Glutamat in Lebensmitteln
Hersteller von Fertiglebensmitteln mixen allerdings schon seit mehr als 100 Jahren Glutamat als Geschmackverstärker in ihre Produkte. Die Industrie stellt die Salze meist aus Melasse mit Hilfe von gentechnisch veränderten Bakterien her.
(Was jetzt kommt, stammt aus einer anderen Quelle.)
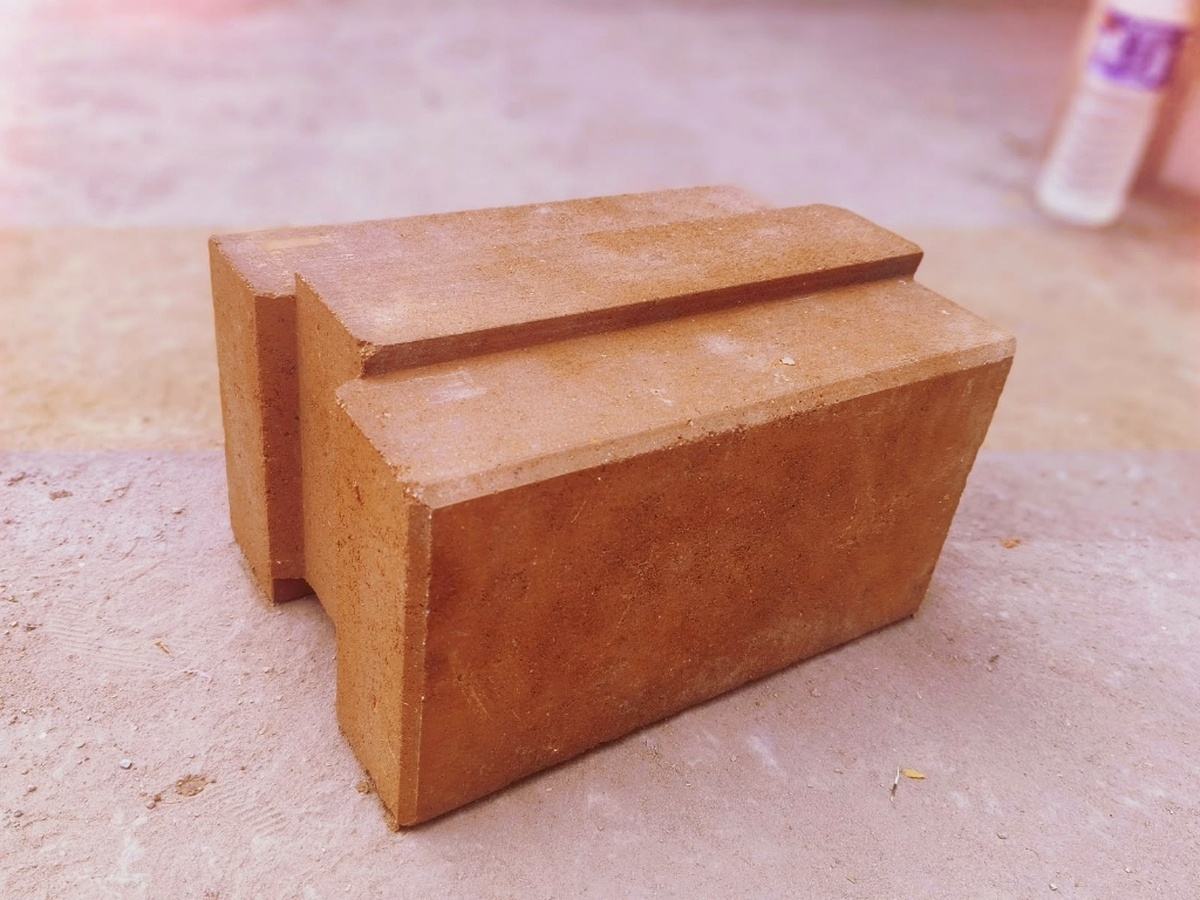8-inch soil mud interlocking brick block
Verbraucher erkennen die Stoffe unter den E-Nummern E 620 bis E 625. Glutamate werden als Geschmacksverstärker etwa in Fertiggerichten, Tütensuppen und -soßen, Fleisch-, Fisch- und Gemüsekonserven sowie in Knabbereien wie Chips, in Würzmitteln und als Kochsalzersatz genutzt.
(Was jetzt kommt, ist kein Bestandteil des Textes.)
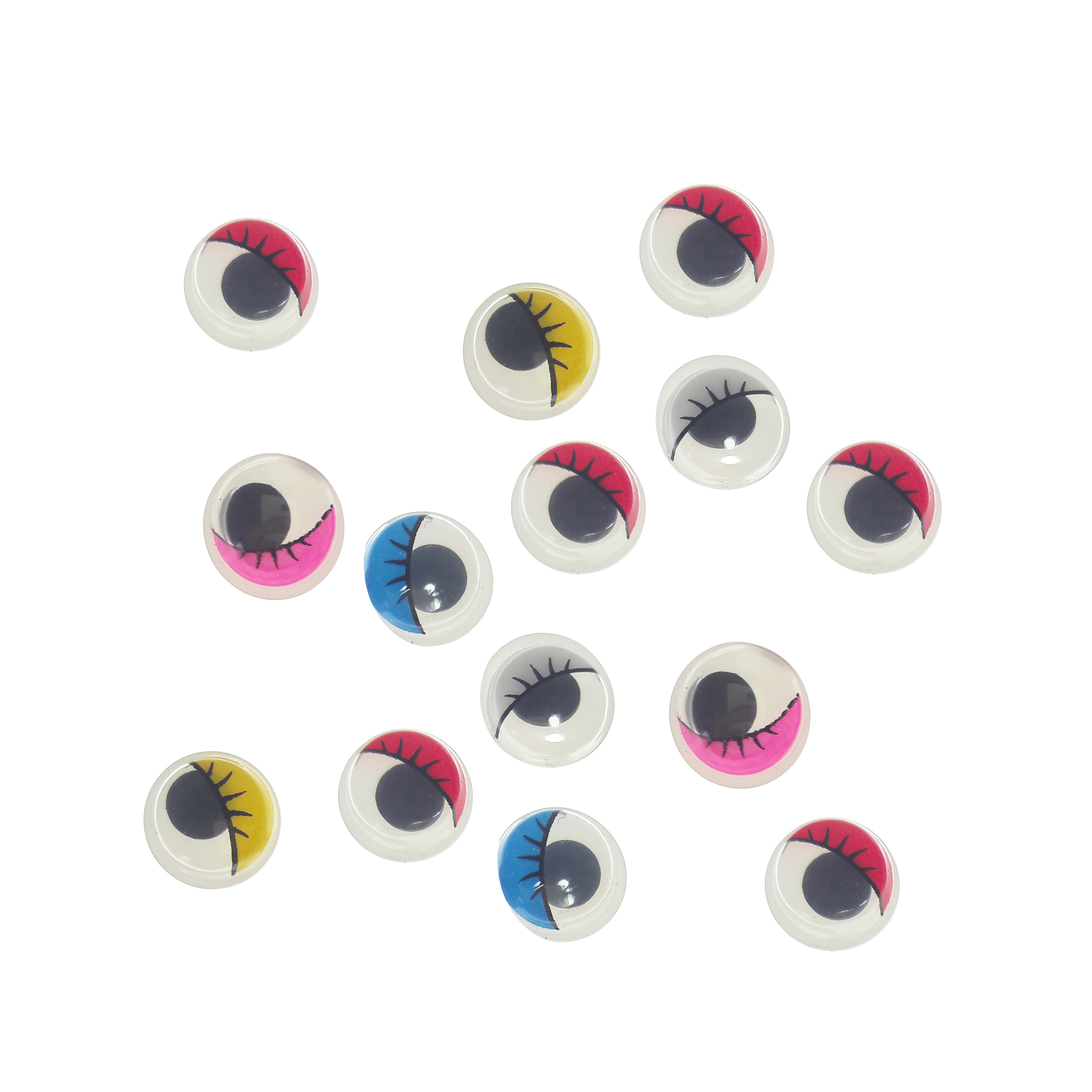 چشم عروسک مدل Y6686 بسته 14 عددی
Ist Glutamat gesundheitsschädlich?
Bereits im Jahr 1968 kam Skepsis gegenüber dem Zusatzstoff auf, nachdem der US-Mediziner Robert Ho Man Kwok einen Artikel im »New England Journal of Medicine« veröffentlicht hatte. Unter dem Titel »Chinese-Restaurant Syndrome« berichtete er darin von sich selbst: Er sei nach dem Besuch eines chinesischen Restaurants stets von Taubheit, Schwäche und Herzrasen geplagt gewesen. Bald darauf war schließlich das künstlich zugesetzte Glutamat als Ursache ausgemacht, und es erschienen Fachartikel zur Gefahr durch Glutamate. Der öffentliche Druck wurde so groß, dass die Stoffe Fertignahrung für Babys nicht mehr zugesetzt werden durften.
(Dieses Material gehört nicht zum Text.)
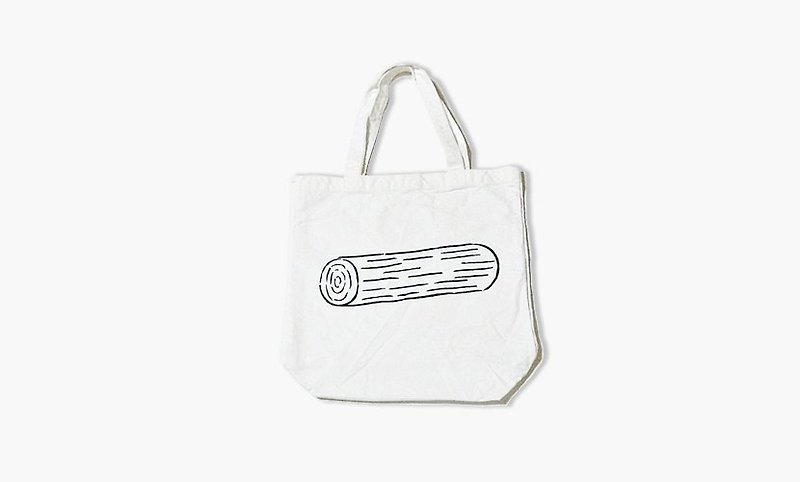 NORITAKE-まるたLog Tote Bag - Messenger Bags & Sling Bags - Cotton & Hemp White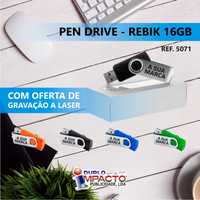 Pen Drive 16GB com gravação a laser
Skepsis gegenüber Glutamat hält sich bis heute: Neben Unverträglichkeiten soll der Zusatzstoff Entzündungen, Schmerzsyndrome, Herzleiden und Krebs fördern und für Krankheiten des Gehirns und der Leber verantwortlich sein. Zwar konnte mancher Verdacht immer wieder widerlegt werden - derzeit aber prüft die Europäische Behörde für Lebensmittelsicherheit EFSA vorsichtshalber erneut die Studienlage.
Die Blut-Hirn-Schranke
Glutamat aus Tütensuppe und Co wird immer wieder auch für Krankheiten des Gehirns wie Alzheimer, Parkinson oder multiple Sklerose verantwortlich gemacht: Schließlich weiß man aus Studien, dass ein Zuviel an Glutamat im Gehirn diese Krankheiten mit verursacht. Hierbei handelt es sich jedoch um endogenes, also um im Gehirn gebildetes Glutamat. Über die Nahrung zugeführtes zusätzliches Glutamat kann laut einhelliger wissenschaftlicher Meinung bei gesunden Erwachsenen nicht die Blut-Hirn-Schranke passieren - und ergo auch nicht die genannten Krankheiten verursachen. Allerdings ist nicht ganz geklärt, ob die Blut-Hirn-Schranke etwa bei Säuglingen oder auch bei Erkrankungen wie Hirnhautentzündung oder inneren Blutungen durchlässiger werden könnte.
Glutamat und Übergewicht
Als sehr wahrscheinlich gilt im Moment allerdings ein Zusammenhang zwischen künstlichen Geschmacksverstärkern und Übergewicht. In einer US-amerikanischen Studie haben die Forscher festgestellt, dass Menschen, die viel Glutamat zu sich nahmen, eher zu Übergewicht neigten.
Empfehlungen
Die Deutsche Gesellschaft für Ernährung gibt jedoch Entwarnung: Bei gesunden Menschen, die sich ausgewogen ernähren, sei kein „schädigender Einfluss zu erwarten“. Auszuschließen sei jedoch nicht, dass einige Menschen auf den Geschmacksverstärker Glutamat sensibel reagieren. Wenn Sie nach dem Verzehr von verarbeiteten Lebensmitteln Nebenwirkungen bei sich bemerken, versuchen Sie diese Produkte möglichst zu vermeiden.